Copula Quadrant Similarity for Anomaly Scores
This work addresses the challenge of comparing and combining different anomaly detection methods, which is a significant problem for practitioners in various domains.
This paper proposes a novel measure, Copula Quadrant Similarity, to quantify the similarity between anomaly scores generated by different detection methods. The core idea is that similar methods assign high scores to roughly the same small fraction of observations, enabling the detection of clusters of anomaly detection algorithms and leading to an accurate and robust ensemble algorithm.

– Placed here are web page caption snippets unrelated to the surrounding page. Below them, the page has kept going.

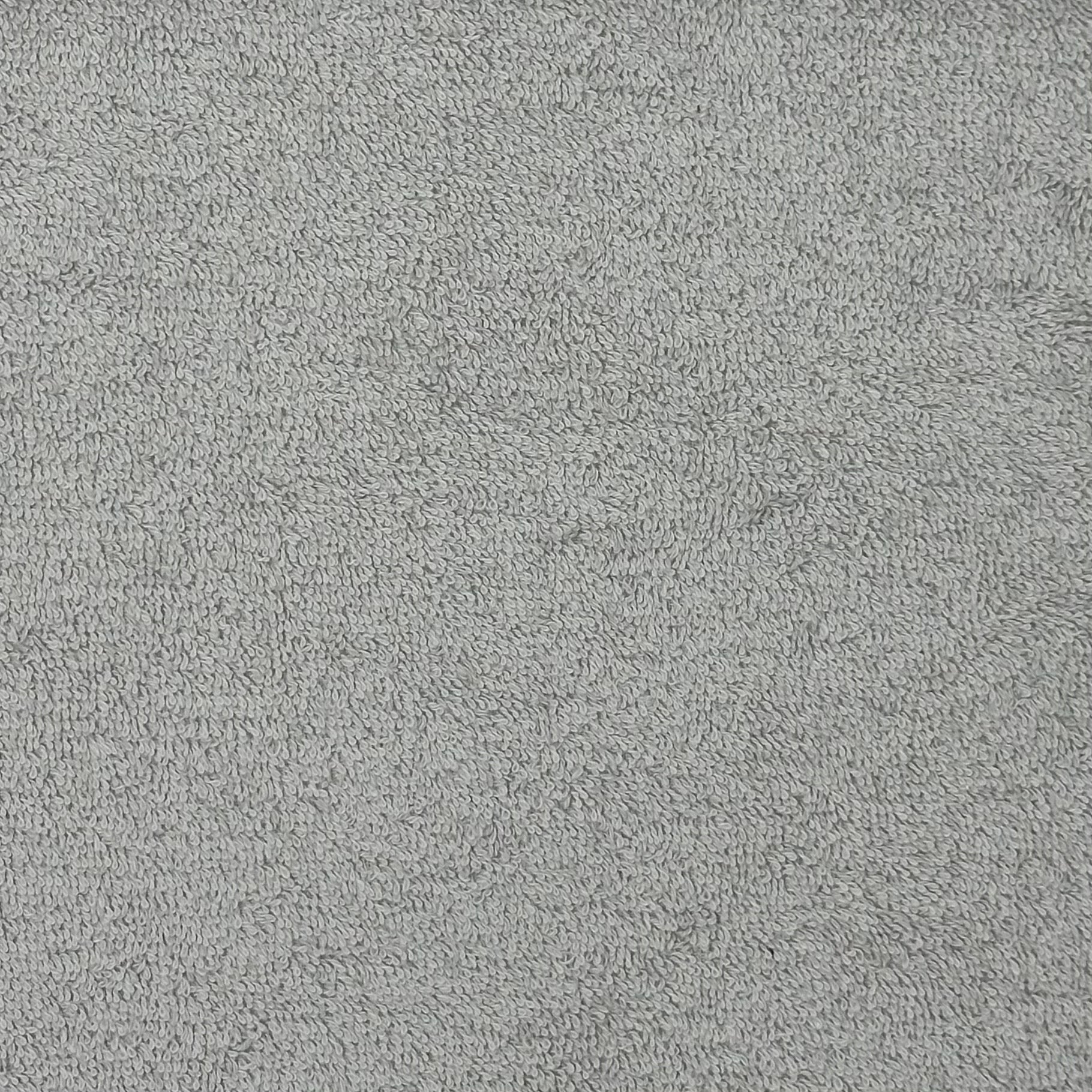 LIGHT GREY COTTON TERRY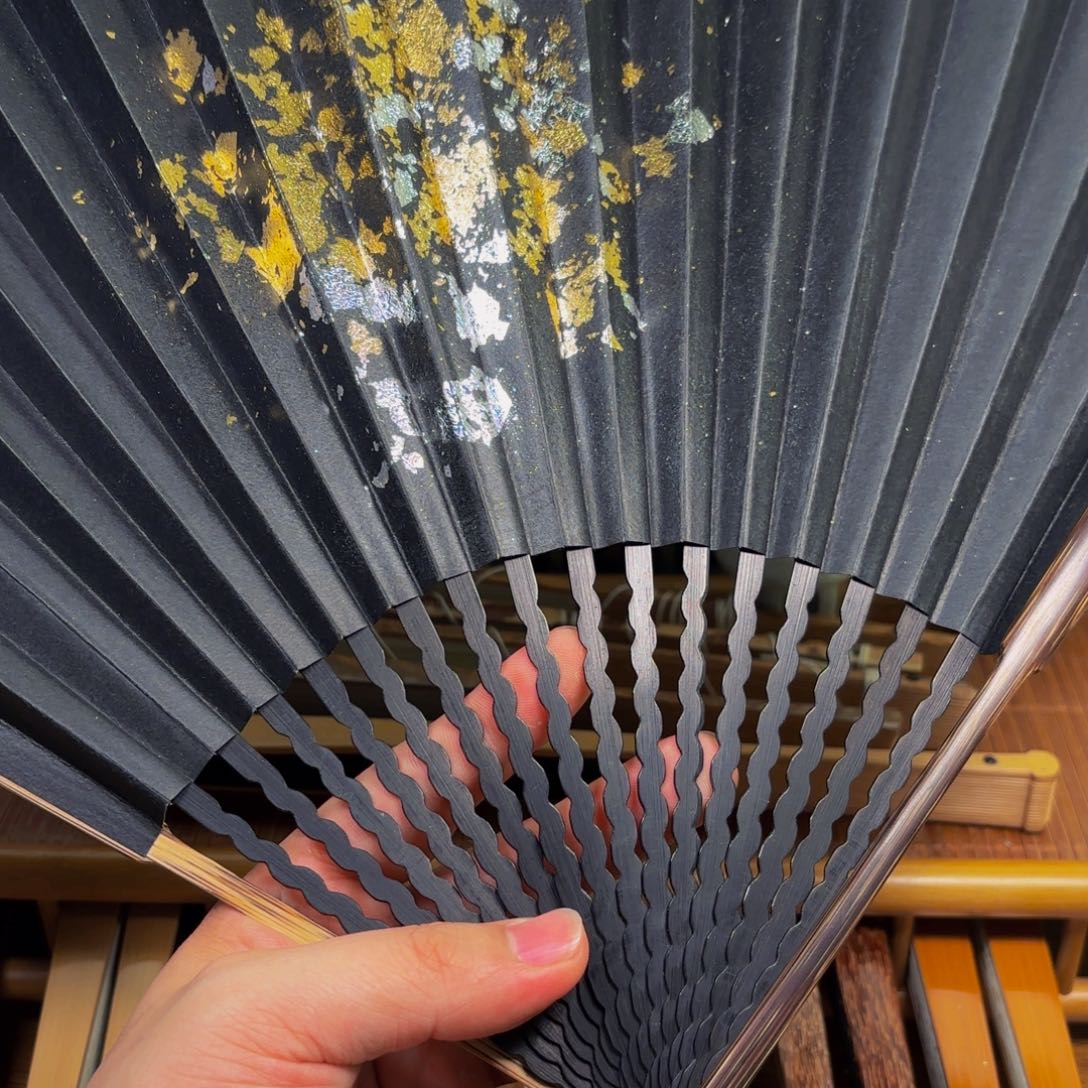 扇子爆炸金龙鳞棕竹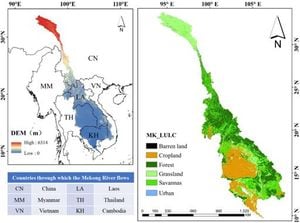 Strong Relationship Between Ecological Quality And Ecosystem Health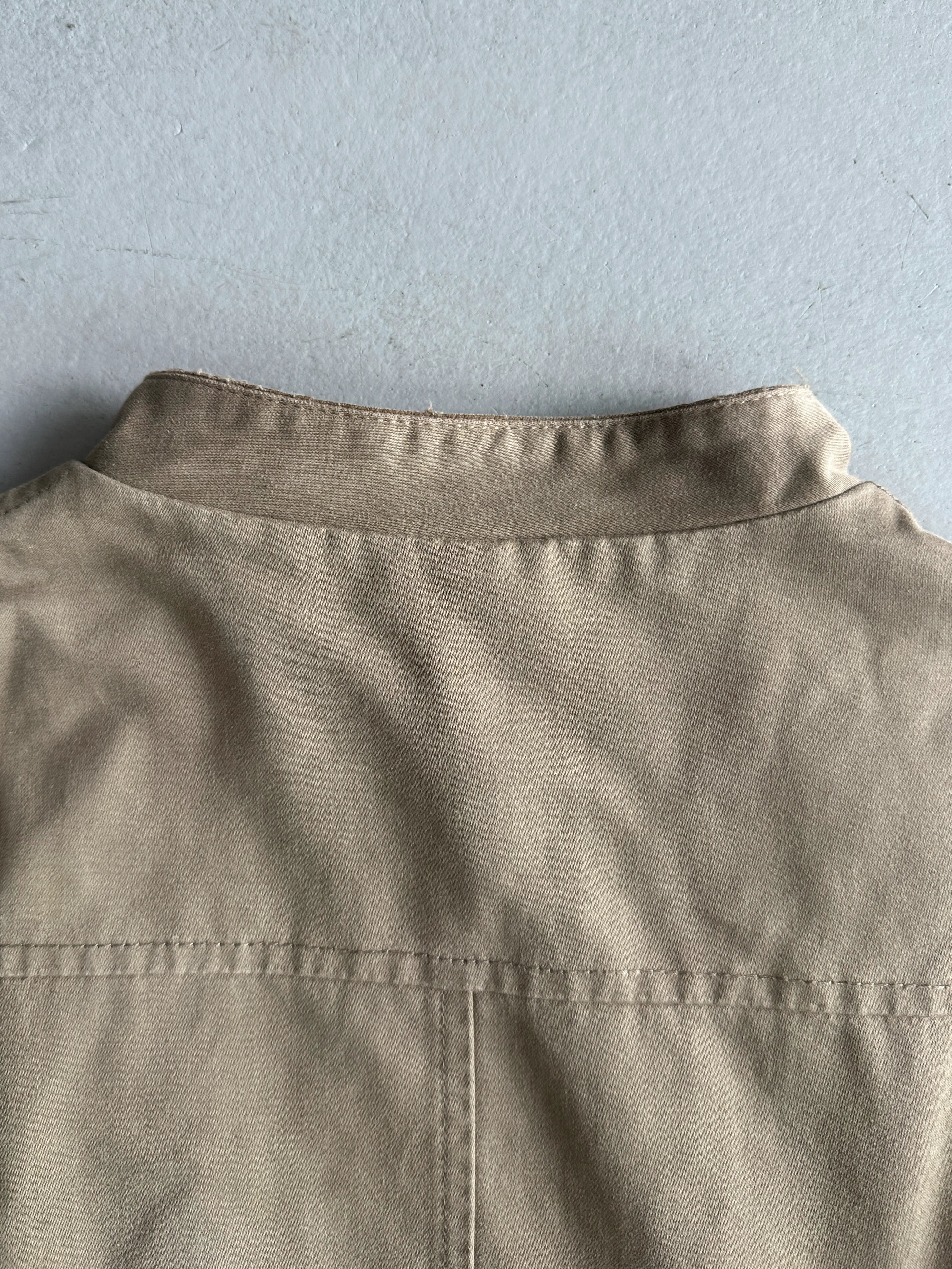 DSQUARED2 - 2000s OFF CENTER ZIP CROP FIT JACKET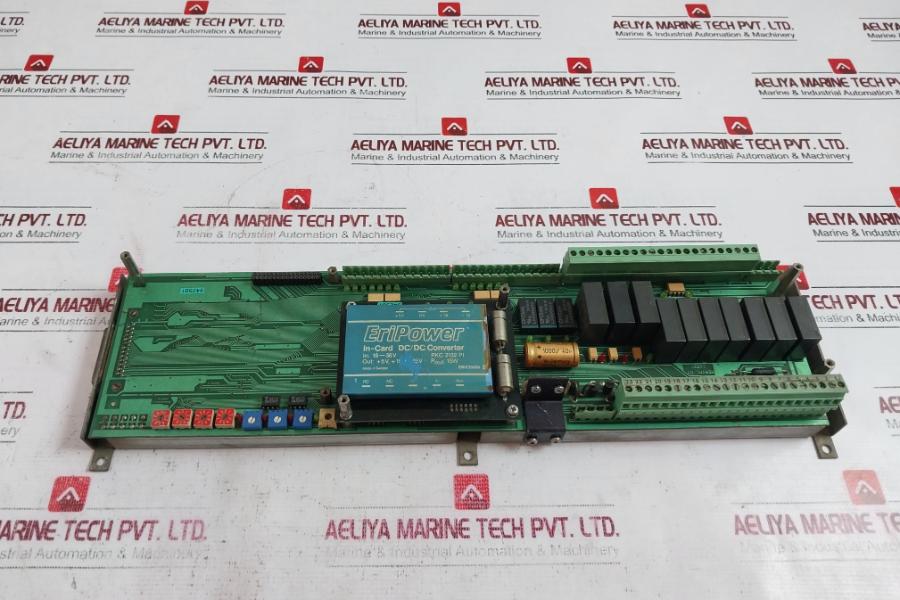 Aquamaster-rauma Mpc 200 Pcb Module 15W 18-36V 1400C Pkc 2132 Pi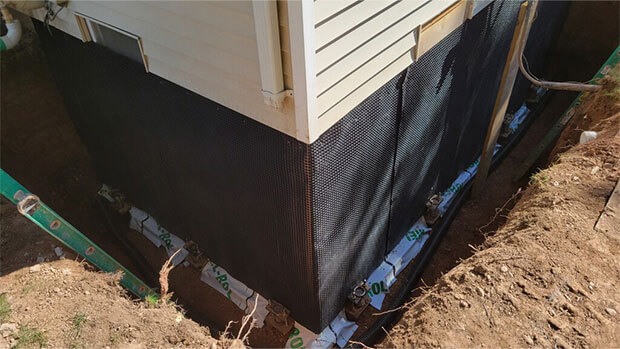 Exterior Wall Waterproofing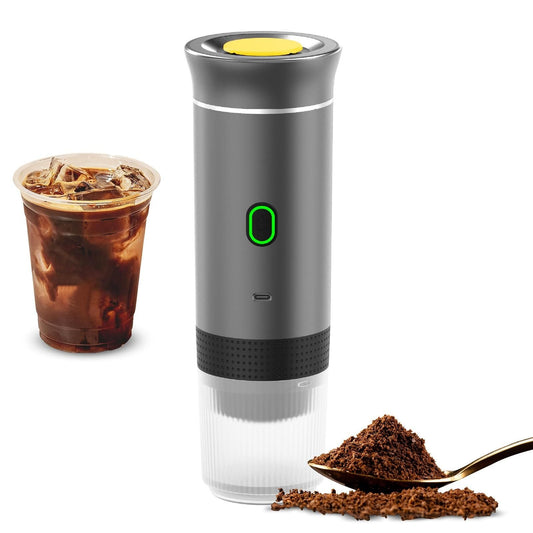 Portable Coffee Machine For Car Home Travel 3 In 1 Cordless Electric Coffee Maker Work Kemu |Fashion Home Kitchen Beauty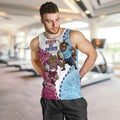 QLD Maroons and NSW Blues 2025 Men Tank Top Come On Together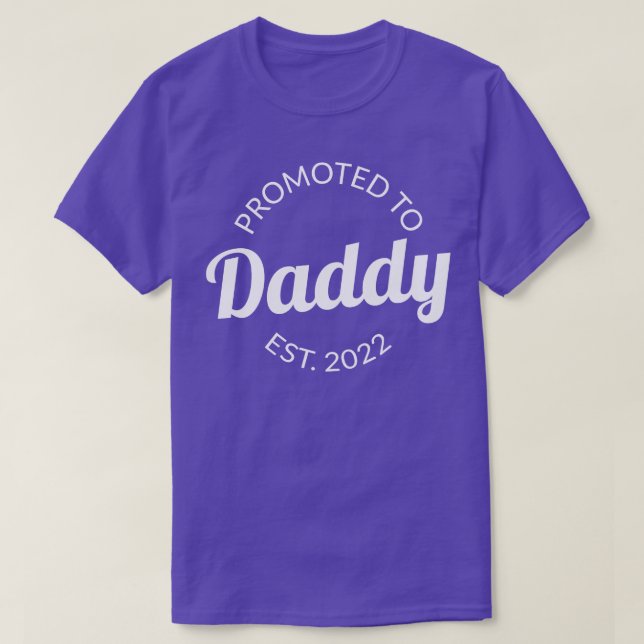 T-shirt Promu À Daddy Est 2022 I (Design devant)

Practical anomaly detection requires applying numerous approaches due to the inherent difficulty of unsupervised learning. Direct comparison between complex or opaque anomaly detection algorithms is intractable; we instead propose a framework for associating the scores of multiple methods. Our aim is to answer the question: how should one measure the similarity between anomaly scores generated by different methods? The scoring crux is the extremes, which identify the most anomalous observations. A pair of algorithms are defined here to be similar if they assign their highest scores to roughly the same small fraction of observations. To formalize this, we propose a measure based on extremal similarity in scoring distributions through a novel upper quadrant modeling approach, and contrast it with tail and other dependence measures. We illustrate our method with simulated and real experiments, applying spectral methods to cluster multiple anomaly detection methods and to contrast our similarity measure with others. We demonstrate that our method is able to detect the clusters of anomaly detection algorithms to achieve an accurate and robust ensemble algorithm.